A future BMC firmware release will provide an interface to restrict host IPMI commands. In the meantime, necessary access controls need to be implemented on the compute trays to limit host privileged access by users not authorized to access the BMC.
BMC SKU ID is sometimes not available through Redfish.

The BMC’s SKU ID should be available through the following Redfish URI under the “SKU” property: /redfish/v1/Chassis/BMC_0

Due to a current issue on the BMC, this property may not be available on all systems.

Workaround

There is currently no known workaround. The plan is to resolve this issue for the next release.
Cannot set IPv6 address through Redfish.

There is a current BMC bug where setting the IPv6 through the following Redfish URI fails: /redfish/v1/Managers/BMC_0/NetworkProtocol

The command will return the following message:
```
"Message": "The property 'Address or Port' with the requested value of
'\"2620:10d:c0a3:103::9:7554\"' could not be written because the value does not
meet the constraints of the implementation."
```
This is a known issue and will be addressed in the next release.

Workaround

There is currently no known workaround. The plan is to resolve this issue for the next release.
No error Redfish response when credentials are not provided.

If no credentials are provided in a Redfish command, the BMC currently does not return an explicit message indicating the lack of credentials. A 401 Unauthorized response is still returned, and access is prevented. This only applies if no credentials are provided. If credentials are provided but are incorrect, then the BMC will return a message indicating invalid credentials.

Workaround

The return code can be checked to confirm the status of the command. The 401 will indicate to the user that access was unauthorized.
Redfish GPU_0/Ports/NVLink_0, the property “LinkState” value does not change after a DC Cycle.

NVLinks that were previously disabled through Redfish continue to report the LinkState as Enabled and LinkStatus as LinkUp.

Workaround

Use host reporting tools (nvidia-smi/NVML/DCGM) to fetch the NVLink status for disabled links.
No option in the webgui to power on the system.

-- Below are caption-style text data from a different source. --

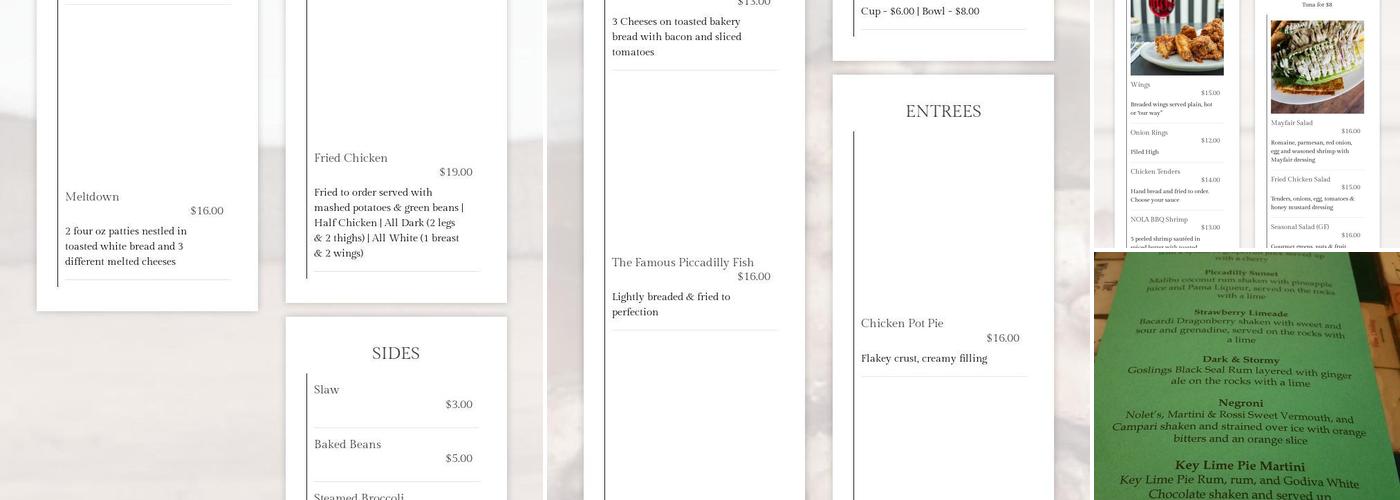 The Piccadilly at Manhattan Menu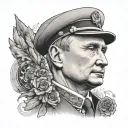 putin president tattoo design idea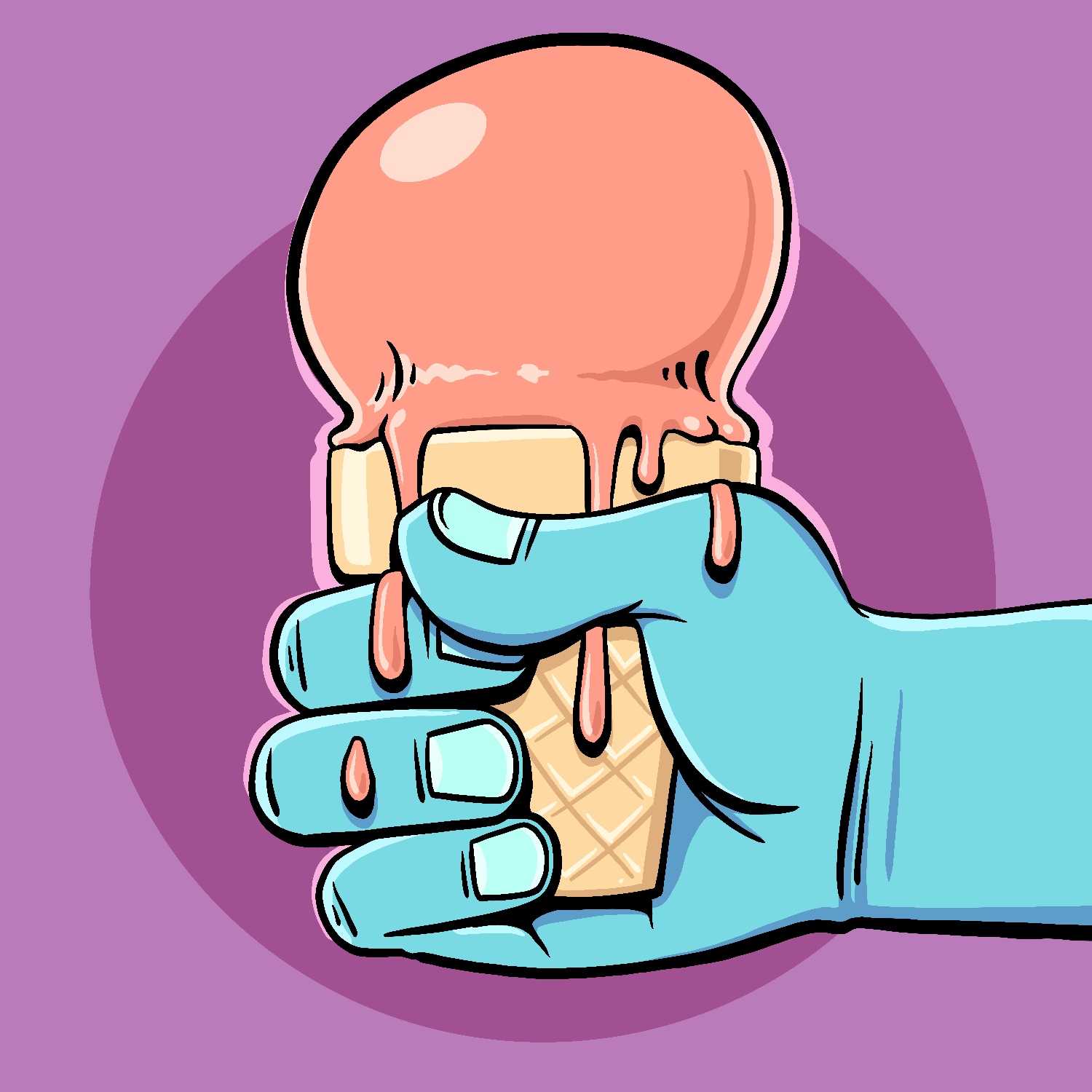 An illustration of a hand holding an ice cream cone. The hand is very large and gripping the cone firmly. The ice cream is a shiny pink and is melting onto the hand, leaving drips going down the thumb, index finger, and middle finger. The cone is a cream-colored sugar cone with a waffle print on the handle, and the hand is a light blue color. The background is a light plum color with a darker circle behind the hand and cone.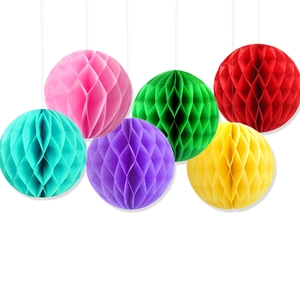 Set of 6 vibrant colorful paper honeycomb balls for festive birthday party decorations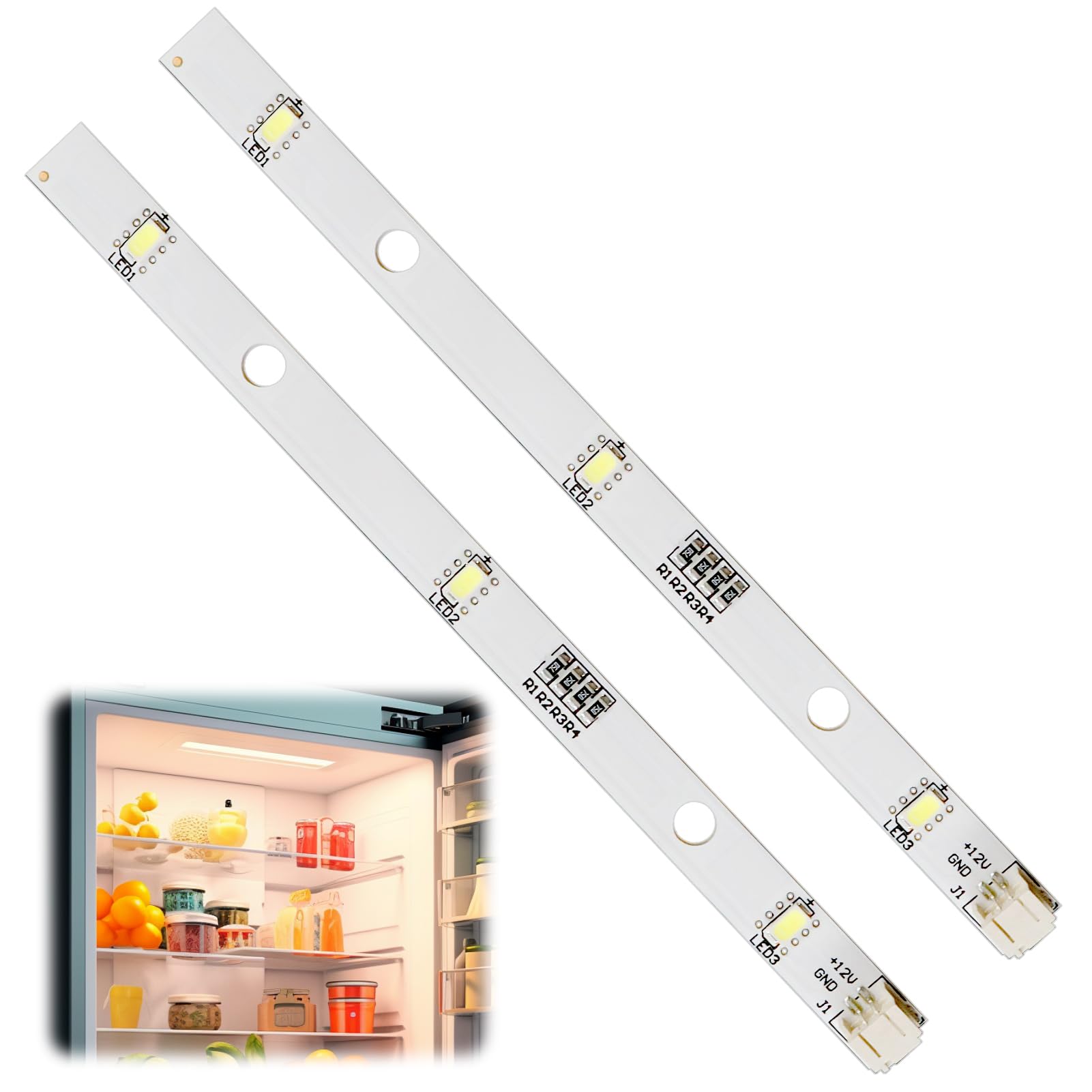 2 Stück LED-Lichtleiste für Rongsheng/Hisense,LED Kühlschranklampe,Kühlschrank Ersatzteile,Lichtleisten für kühlschrank,kompatibel E349766 MDDZ-162A 1629348 DC12V 2W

Currently, there is no option to power on the system from the BMC Webgui.

Workaround

Use redfish or ipmitool to power on the system.
On certain DGX GB200 NVSwitch platforms, the switch reboot history may display multiple unexpected reboots with the reason shown as Platform reset (retrieved using the NVOS command: nv show sys reboot -o json | jq -r .reason). NVIDIA plans to include a fix in a future NVOS release.
[5770595] Leak detector voltage values read through the compute tray BMC via ipmi are clamped to 0.165 and 1.815.

Workaround

In order to read the correct voltage value if the sensor is outside of that range, read the sensor value through redfish under Chassis_0/Sensors.

Customers are always advised to use the standard Leak Detection methods under /redfish/v1/Chassis/Chassis_0/ThermalSubsystem/LeakDetection/LeakDetectors for determining if a leak is present rather than reading the voltage value of the sensor directly.